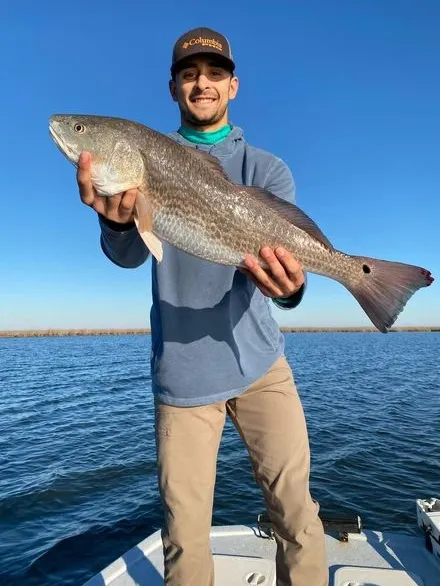 Angler holding a large redfish on a Captain Coffey charter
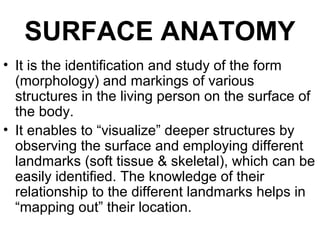 SURFACE ANATOMY
• It is the identification and study of the form
(morphology) and markings of various
structures in the living person on the surface of
the body.
• It enables to “visualize” deeper structures by
observing the surface and employing different
landmarks (soft tissue & skeletal), which can be
easily identified. The knowledge of their
relationship to the different landmarks helps in
“mapping out” their location.
 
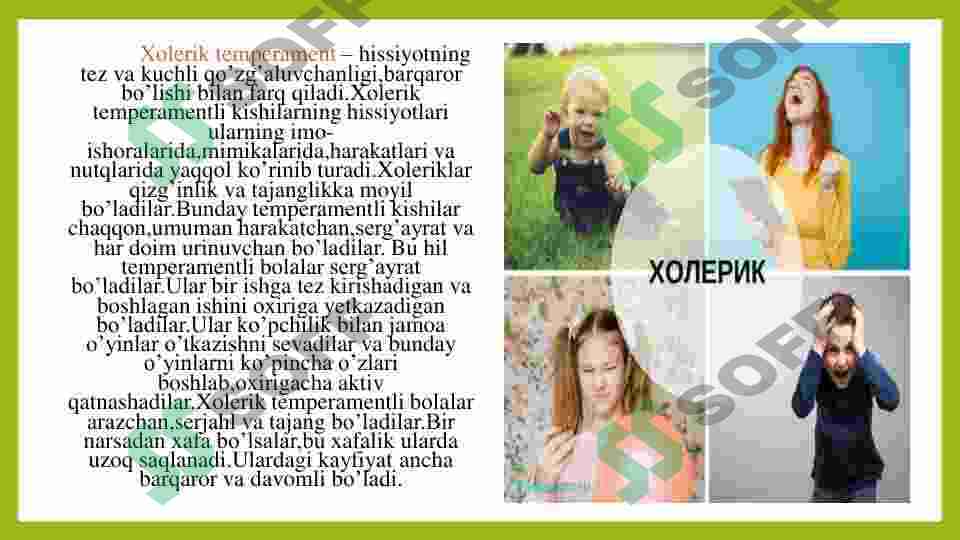 Preview 8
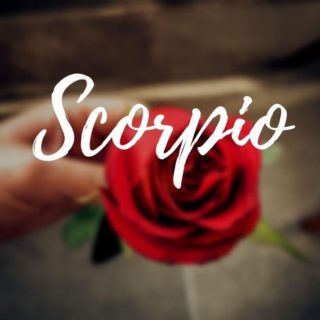 Virgo Woman Best Matches: Love Compatibility With Each Zodiac Signs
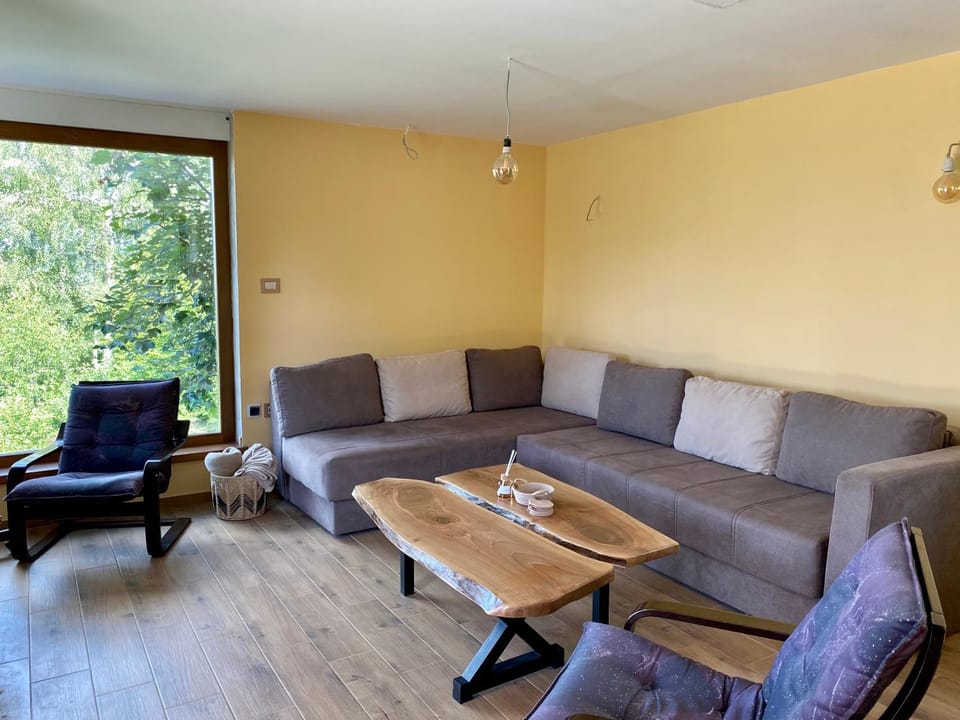 Vila Vlasinski mir Apartment in Serbia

────────

• Problem: Would you transcribe exactly, and only, the lines from the one containing "observing the surface and employing different" through the last line of the records above, both included, leaving out the pictures?

• Completed task:
observing the surface and employing different
landmarks (soft tissue & skeletal), which can be
easily identified. The knowledge of their
relationship to the different landmarks helps in
“mapping out” their location.
 
 Preview 8
 Virgo Woman Best Matches: Love Compatibility With Each Zodiac Signs
 Vila Vlasinski mir Apartment in Serbia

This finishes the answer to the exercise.